I slid to the floor and leaned back against the wall.  I didn’t care to hide anything. Tomorrow it would all be over so it didn’t matter.  I began to talk to Reilley. Slowly everything came pouring out of me; my mom’s pills, my dad’s gambling and the how the arm-breakers had been looking for him. I told her stuff I’d never told anyone.  Reilley listened. Before long it was after 1:00 in the morning. We talked about being rejected.  She’d been hurt many times because she was overweight and not pretty.  Boys would pretend to ask her out and then laugh that she believed them.  
It actually made me feel better knowing I wasn’t the only one to feel that way.  
“So what do you do when you want to feel better?  What takes you away?”
“Mom’s pills.”
“Besides that, I mean.”
“I used to sing.”
“Really?  What kind of singing?”
“Anything and everything. Rock, Reggae, Blues, Punk, Techno, I can do a great techno voice…”
“Sing for me…”
“You’ll laugh.”
“Seriously, I would never laugh at you, Sid.” 

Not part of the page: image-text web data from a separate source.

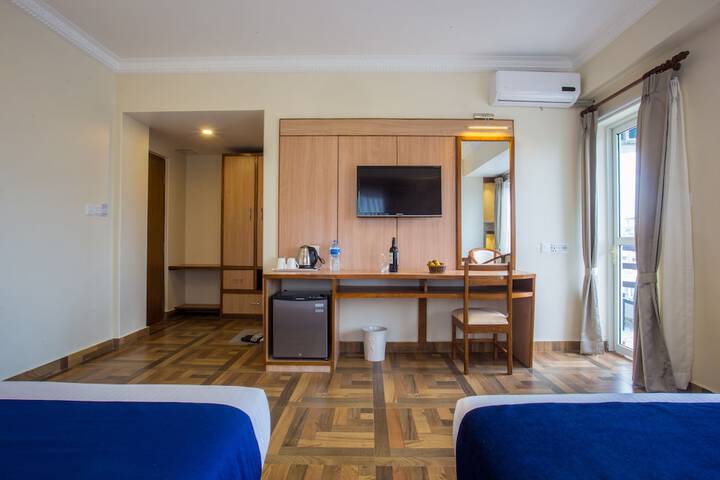 Room 27 of 50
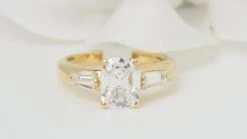 Bague En Or Jaune Et Diamant Coussin 2cts Certifié -Castafiore Boutique bague en or jaune et diamant coussin 2cts certifie 712830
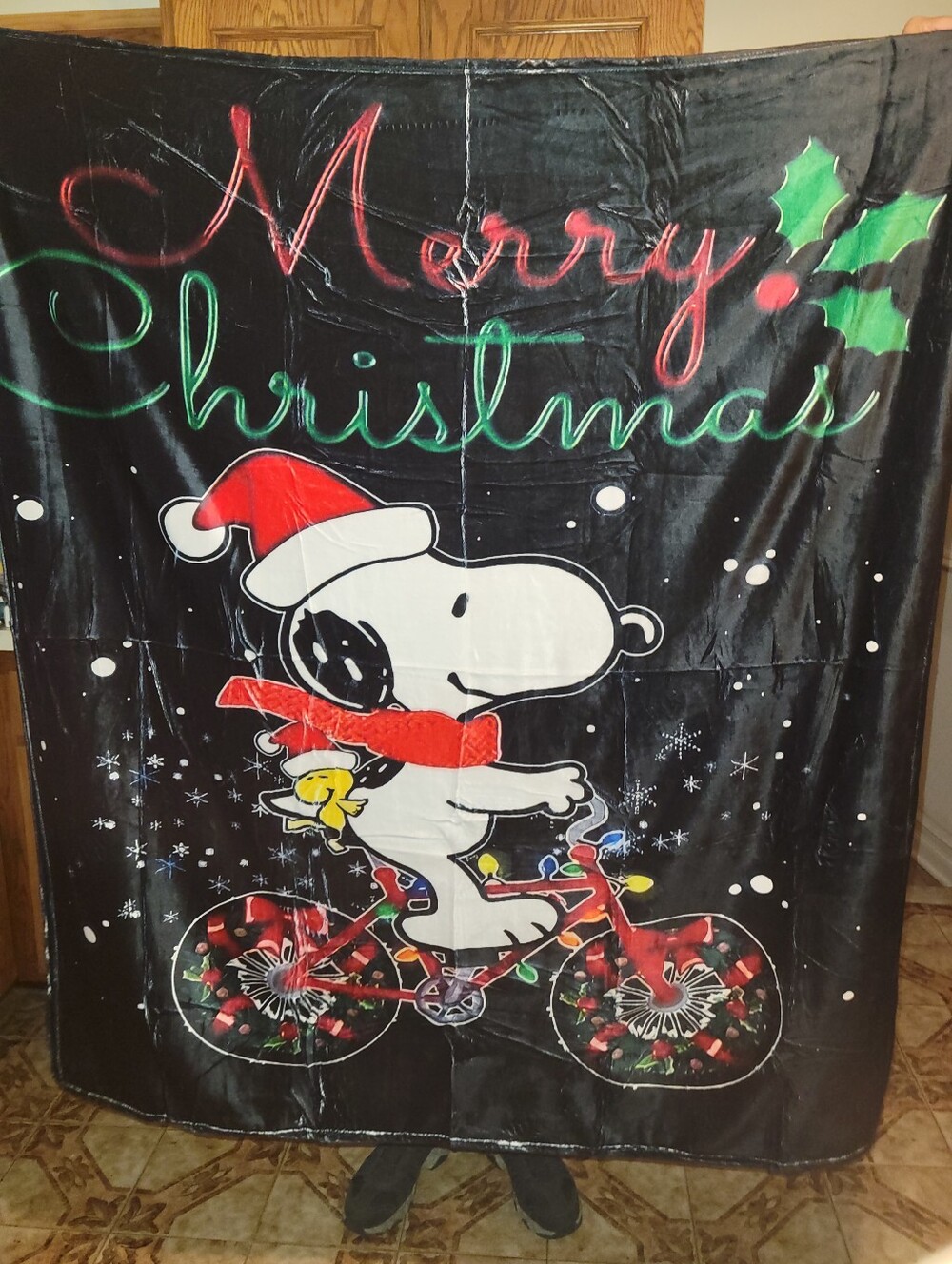 Peanuts Snoopy Merry Christmas Black Holiday Throw Blanket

I went out on the balcony and sang for her. Singing over the phone seemed stupid, and I had to keep my singing quiet so as not to wake my mother. That was the first time in years I’d ever sung for anyone besides my mom or my dad.  
“You are so good! Where did you learn that?”  
“I started when I was four.” I told her about walking through the streets of Hamilton with my dad. 
“I can just imagine you. You must have been the cutest little kid.”  
“My dad gave me an ipod a couple years before he left.  I listened to it until I’d memorized a few hundred songs on it. I still have it.” 
I fell asleep without taking mom’s pills and went to school the next day like a zombie.  I was tired from being up half the night, but talking to Reilley made me feel connected to someone. She winked at me from her locker door that morning. It wasn’t a ‘let’s go out’ wink but a wink between friends and it made me smile.  I was quiet in class, but the emptiness was less. 
That Wednesday Reilley asked again if I wanted to go to her youth group.  
I went. 
I figured it would be a hangout for dweebs and losers like me, but there were some popular and good-looking kids there too - the quiet ones, mostly. None of them were the ones who teased me. They had coffee and sandwiches and donuts and some cake and juice.   
“Who brought all this stuff?” I asked.
“They’re donations from my church.” Reilley said.  
“Really? So you don’t have to pay?”
“Really.  They’re donations… like, free...”
“My Dad used to say, ‘Pay now or pay later, but nothing’s free.’”  
“Well…” Reilley laughed, “I’ve been coming here for over a year and they haven’t charged me anything yet.”   
“Isn’t this a religious group?”
“I guess. My church runs it.”
“Churches are just after your money… Nothing’s for free.”
Reilly’s face changed like I’d hit her. “Good churches aren’t like that,” she said.  Not two minutes into her youth group and I’d insulted her church.
“Take more cake,” she said. 
“Trying to help me grow?” I asked sarcastically.  She turned away from me and I left.